The Fears of Henry IV: The Life of England's Self-Made King, by Ian Mortimer, a handsome British book, on a subject largely unknown to me otherwise than in Shakespeare, is the latest prize from those damned Bargain tables to find its way into the cave and onto my desk. Read only to page 75 to date, it sits now waiting to be picked up again from the stack and carried off to my sick-bed. I know just why it caught me, I've been reading Marchette Chute's biography of Chaucer, saved from a Clearance Sale, and this other is quite serious history on the same period. And I bought the Mortimer book because it is a handsome brute of a book, read well at lunch one day, and seemed, somehow, necessary in that moment of temptation. As in so many moments of temptation, I yielded. Now, here it is.
In an earlier post, I praised Margaret Lane for serving her biographical subjects without dismissing her predecessors. Mr. Mortimer's introduction, now I look at it again, might be the model of exactly what Lane didn't do, as he dispatches his rivals in it, one by one, as his Henry dispatched his; enemies and otherwise, they all go to the block. I do not say Mortimer is unjustified in this, or that Henry IV was for that matter, as I have never read the books or authors disposed of in this way, or needed to assert so strong a claim to either expertise or the throne of England. I trust that King and biographer were both well within their rights. And Mortimer is, after all, not writing of gentle times or of a gentle subject, as Lane and Gaskell were. Mortimer is telling the story of one bloody great king, from the look of him by page 75, and a certain bloody-mindedness would seem to serve his subject admirably. Perhaps that explains why I've nearly finished the Chute book, and read but so far in the Mortimer. One tells the story of a man, contemporary to the King, but otherwise unlike him to the extent of having given to our Language it's first masterpiece, while repeatedly, habitually and amusingly remaining deprecatory of his own considerable intellect, his person and his talents. Geoffrey Chaucer is a delightful companion, as met in Chute's biography. Henry IV, as met at least in Mortimer's biography, is a right bastard, however impeccable his lineage. Which would be likelier to be a welcome companion to me as I suffer with the mumps? Which would be the better friend to my future reading? Which book has the ring of real treasure to it? Which is likelier to find a permanent place in my cave?

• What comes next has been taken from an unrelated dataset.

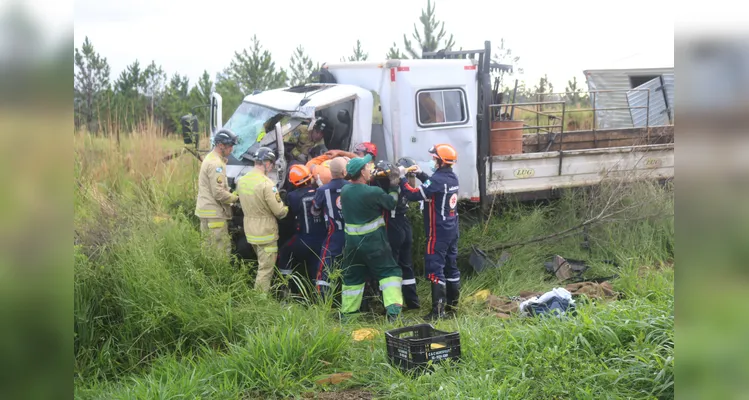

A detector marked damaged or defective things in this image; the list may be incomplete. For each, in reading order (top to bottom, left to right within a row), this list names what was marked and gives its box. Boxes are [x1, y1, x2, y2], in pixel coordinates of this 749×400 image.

broken windshield [225, 101, 280, 160]
crashed truck [186, 40, 672, 258]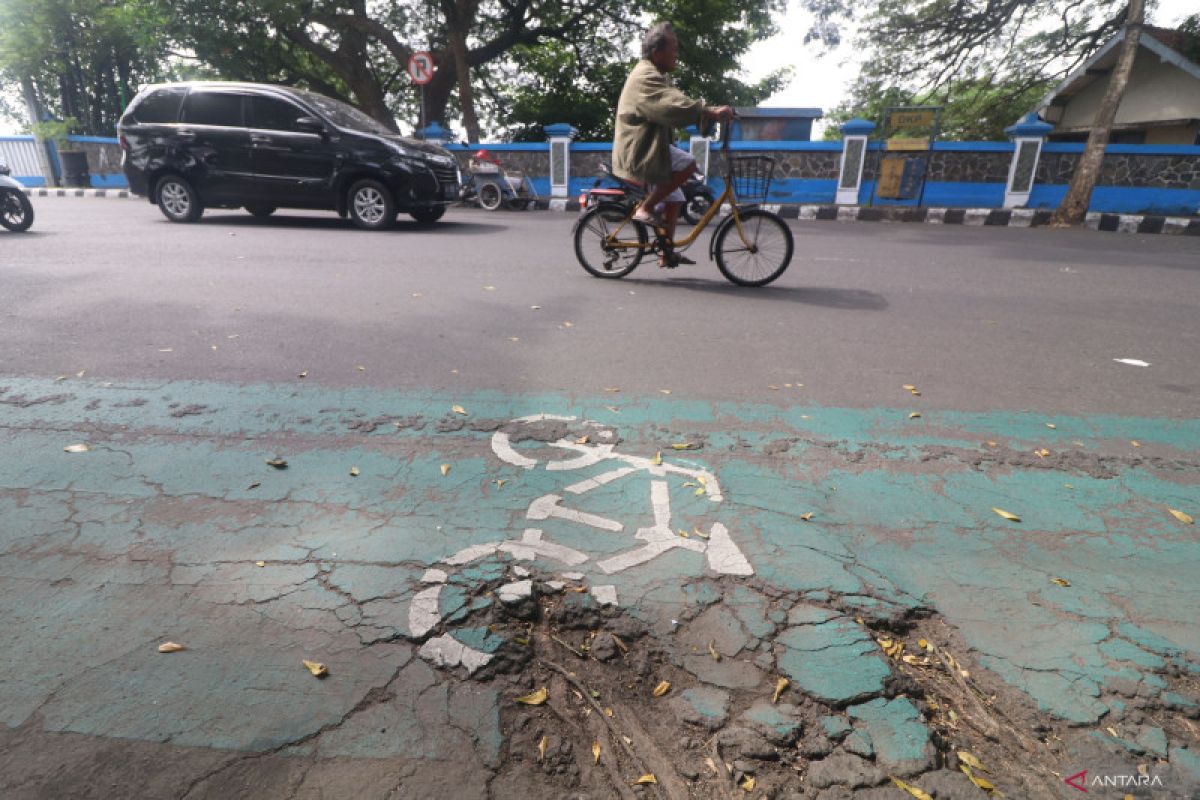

It is no reflection on the value of Mortimer's research, or on the felicities of his style, to say that, like so much of the history and biography that tempt me to take them up from off the Bargain table, I ought to have put his book right back after my lunch. Instead, it may be read again -- after all, it is right here -- but ultimately, like so many books I've bought on impulse, it will probably end up in a box, waiting for a trip to Bellingham, to be sold for something likelier to be wanted again hereafter. That is, if it doesn't end up at the bottom of some stack, undisturbed for years. And so it goes.